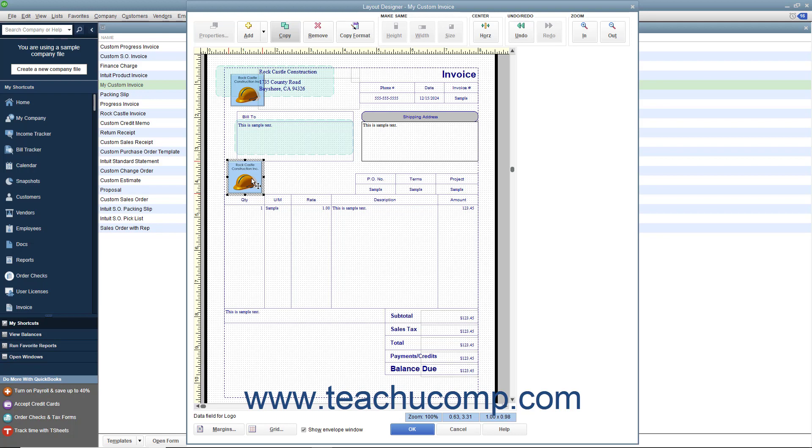You can also copy the formatting properties of a selected object and paste only the copied formatting onto other objects within the Layout Designer window. This is a useful feature that lets you format the appearance of a single object and then copy that appearance onto other objects without having to manually open the Properties dialog box to change the formatting for each item individually.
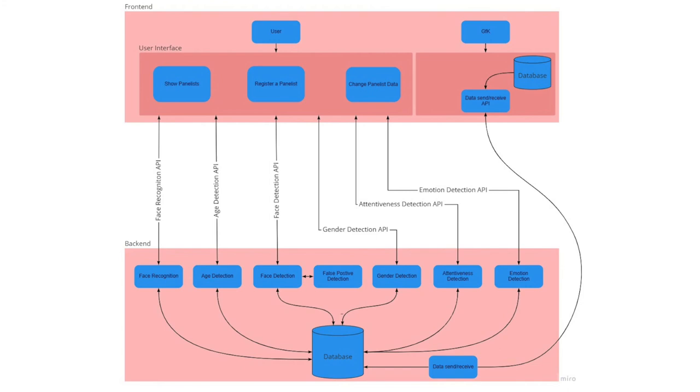All the modules communicate with our database, either for saving data or retrieving data. Last but not least, we also provide a module for sending data to the GFK database. Our front end and back end communicate with each other through specific design APIs.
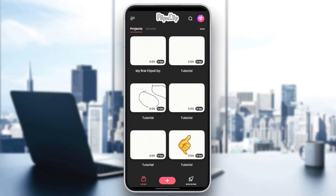Hello everyone, and welcome back to a new video. In this video, I'm going to show you guys how to practice animation on Flipaclip. So if you guys want to learn how to do it, just follow the steps that I'm going to show you.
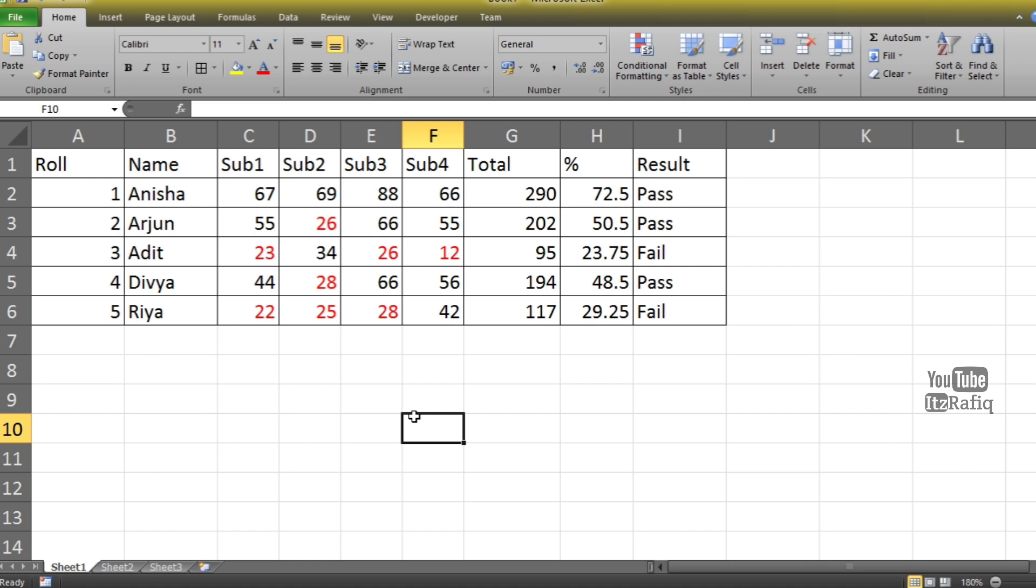So this way we can set conditional formatting in MS Excel. For more Excel tricks, keep visiting. Thank you for watching, have a nice day.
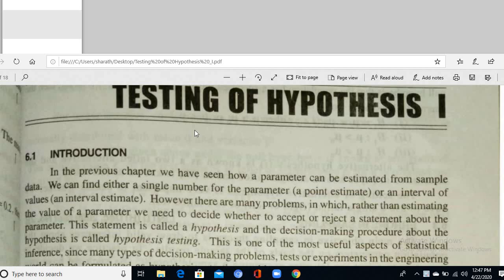In the previous class we discussed correlation, regression, and their coefficient relations thoroughly. Today we are going to discuss sample data and how it affects the population parameter.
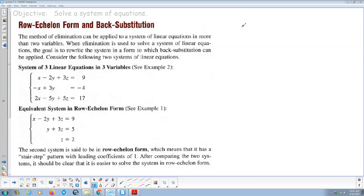Welcome. This is my instructional video for pre-calculus, section 7.3 in the book, which is multivariable linear systems. The title of this section is multivariable linear systems, so we're talking more than two variables.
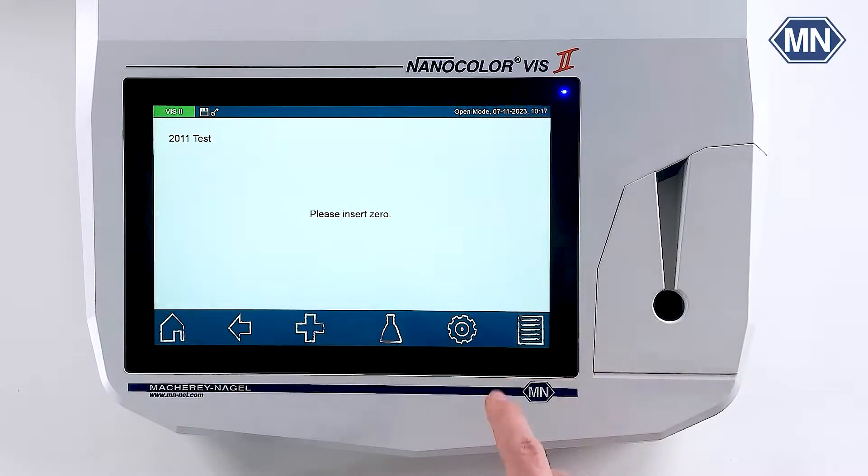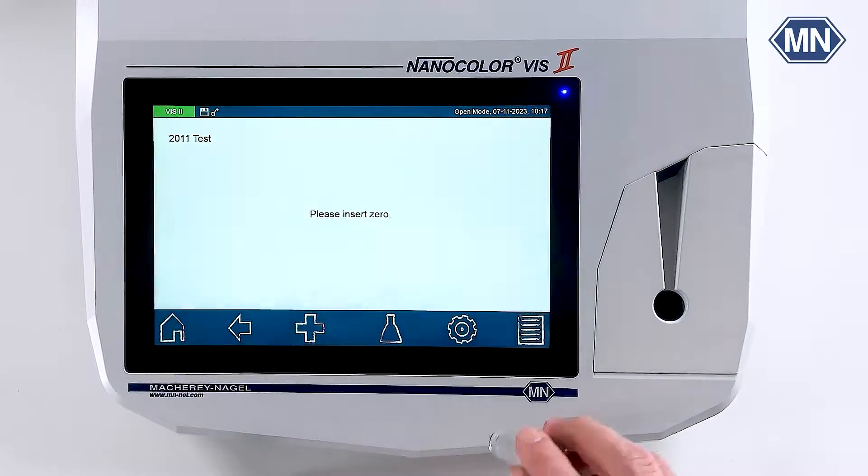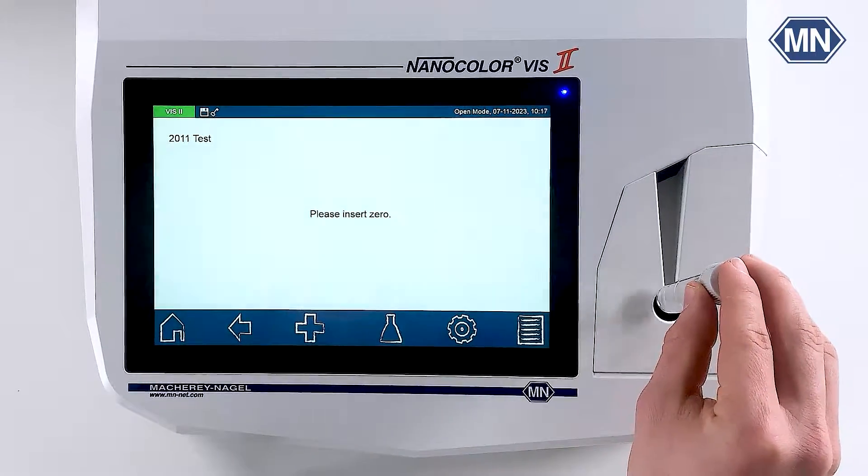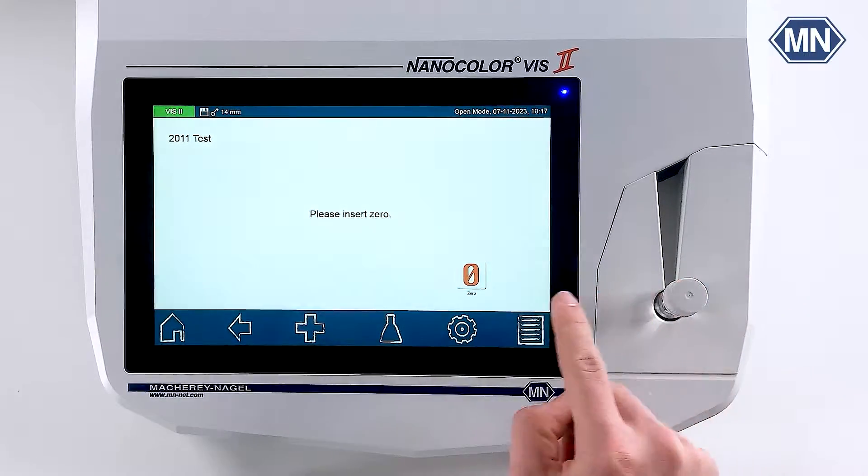After selecting the method from the favorites list, you can perform the measurement of your samples.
+ + +
▸ **Exercise instructions**
Reproduce only the lines from the line that holds "So this way" through the end of the records, exactly as they stand, both ends included and pictures excluded.

▸ **Task solution**
So this way we can set conditional formatting in MS Excel. For more Excel tricks, keep visiting. Thank you for watching, have a nice day.
In the previous class we discussed correlation, regression, and their coefficient relations thoroughly. Today we are going to discuss sample data and how it affects the population parameter.
Welcome. This is my instructional video for pre-calculus, section 7.3 in the book, which is multivariable linear systems. The title of this section is multivariable linear systems, so we're talking more than two variables.
After selecting the method from the favorites list, you can perform the measurement of your samples.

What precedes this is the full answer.